Canadians can't quite believe it: suddenly, we're interesting. After months of making the news only with our various communicable diseases -- SARS and West Nile -- we are now getting world famous for our cutting-edge laws on gay marriage and decriminalized drugs.
US President George W. Bush's conservatives are repulsed by our depravity. My friends in New York and San Francisco have been quietly inquiring about applying for citizenship.
And Canadians have been eating it up, filling the newspapers with giddy articles about our independence. "You're not the boss of us, George," Jim Coyle wrote in the Toronto Star.
"So much for nice; we're getting interesting," wrote the conservative columnist William Thorsell in the Globe and Mail.
Four events have contributed to Canada's newfound status as Hippie Nation:
? The Liberal party government of Prime Minister Jean Chretien did not support the invasion of Iraq ("opposed" would be too strong a word, since we maintained troops in the region).
? On May 27 the government introduced legislation to decriminalize the possession of marijuana. People caught with up to 15g will get the equivalent of a parking ticket. US drug czar John Walters has promised to "respond to the threat."

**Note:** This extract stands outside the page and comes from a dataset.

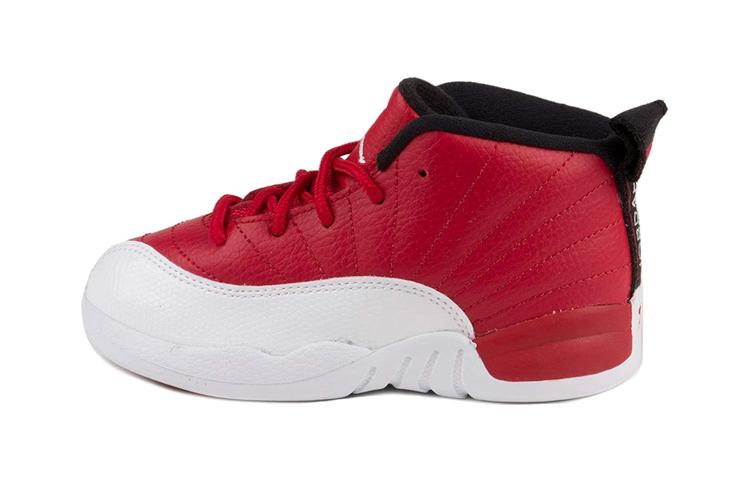 Jordan Air Jordan 12 Детская обувь TD 850000-600 25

? On June 17 the government announced it would introduce legislation to legalize gay marriage. This will bring the entire country into compliance with a court ruling that has already made it legal in Ontario. US gays and lesbians have been flooding into Toronto to get hitched.
? On June 24 the government announced the opening of the first "safe injection site" in North America in Vancouver, which averages 147 overdose deaths a year. The publicly funded facility will provide needle exchanges and health assistance to heroin addicts. Walters calls this one "state-sponsored personal suicide."
So, does all this peace, love and drugs really mean that the US and its closest neighbor and ally are parting ways? Much as I would love to report that I really do live in "Soviet Canuckistan" (as Pat Buchanan has taken to calling us), it is mostly hype.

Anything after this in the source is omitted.